[Opening RECORDS PROVIDED section]
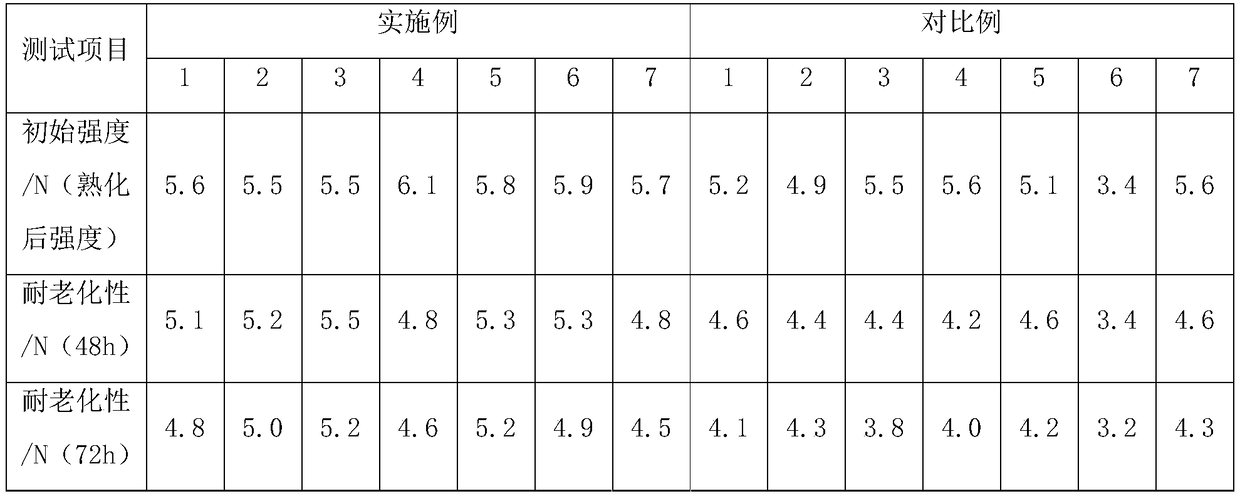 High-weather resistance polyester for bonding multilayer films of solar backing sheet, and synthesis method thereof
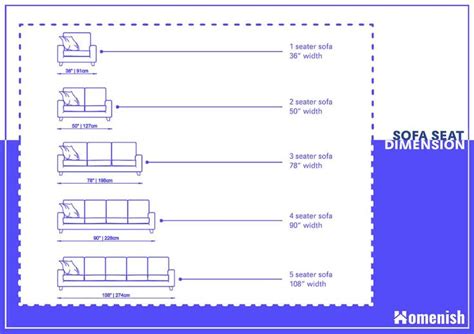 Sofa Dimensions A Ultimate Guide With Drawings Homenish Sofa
[Closing RECORDS PROVIDED section]
[Opening RECORDS PROVIDED section]
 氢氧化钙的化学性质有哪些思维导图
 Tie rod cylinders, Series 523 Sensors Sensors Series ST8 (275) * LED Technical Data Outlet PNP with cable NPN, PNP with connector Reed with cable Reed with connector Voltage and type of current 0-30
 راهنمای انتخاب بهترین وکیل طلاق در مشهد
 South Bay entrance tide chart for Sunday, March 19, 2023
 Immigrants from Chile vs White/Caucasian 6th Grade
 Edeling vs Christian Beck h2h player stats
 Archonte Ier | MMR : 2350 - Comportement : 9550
[Closing RECORDS PROVIDED section]
[Opening RECORDS PROVIDED section]
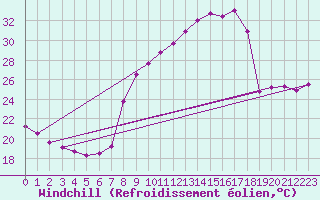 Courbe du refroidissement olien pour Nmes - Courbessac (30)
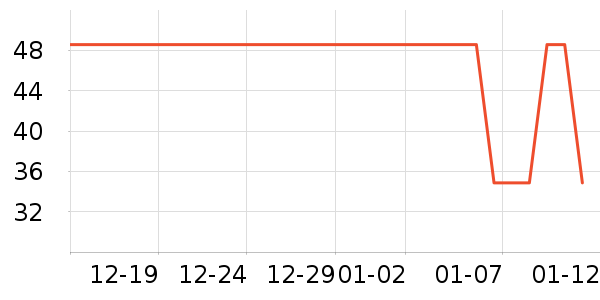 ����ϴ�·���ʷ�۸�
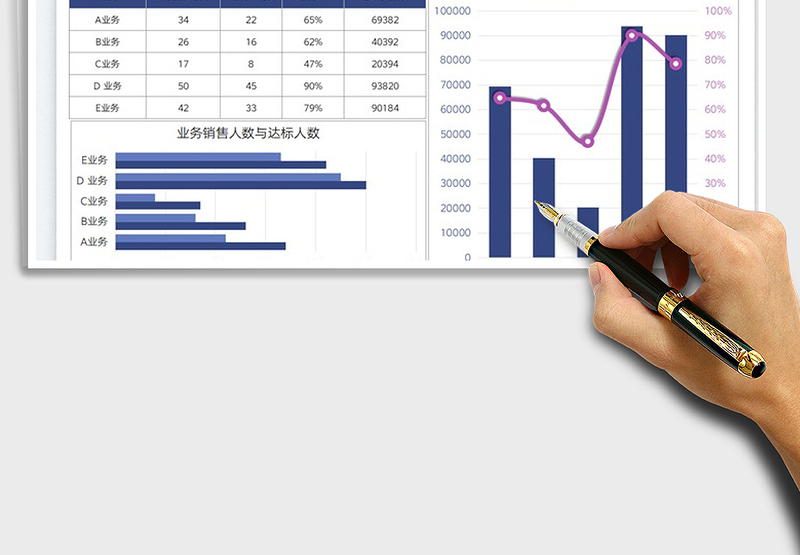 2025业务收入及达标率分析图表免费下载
[Closing RECORDS PROVIDED section]
▶ **ABOUT THIS EXERCISE**
Please reproduce, exactly as they appear above, the lines from the line containing "Tie rod cylinders, Series" up to and including the line containing "Archonte Ier |".

▶ **EXPECTED ANSWER**
 Tie rod cylinders, Series 523 Sensors Sensors Series ST8 (275) * LED Technical Data Outlet PNP with cable NPN, PNP with connector Reed with cable Reed with connector Voltage and type of current 0-30
 راهنمای انتخاب بهترین وکیل طلاق در مشهد
 South Bay entrance tide chart for Sunday, March 19, 2023
 Immigrants from Chile vs White/Caucasian 6th Grade
 Edeling vs Christian Beck h2h player stats
 Archonte Ier | MMR : 2350 - Comportement : 9550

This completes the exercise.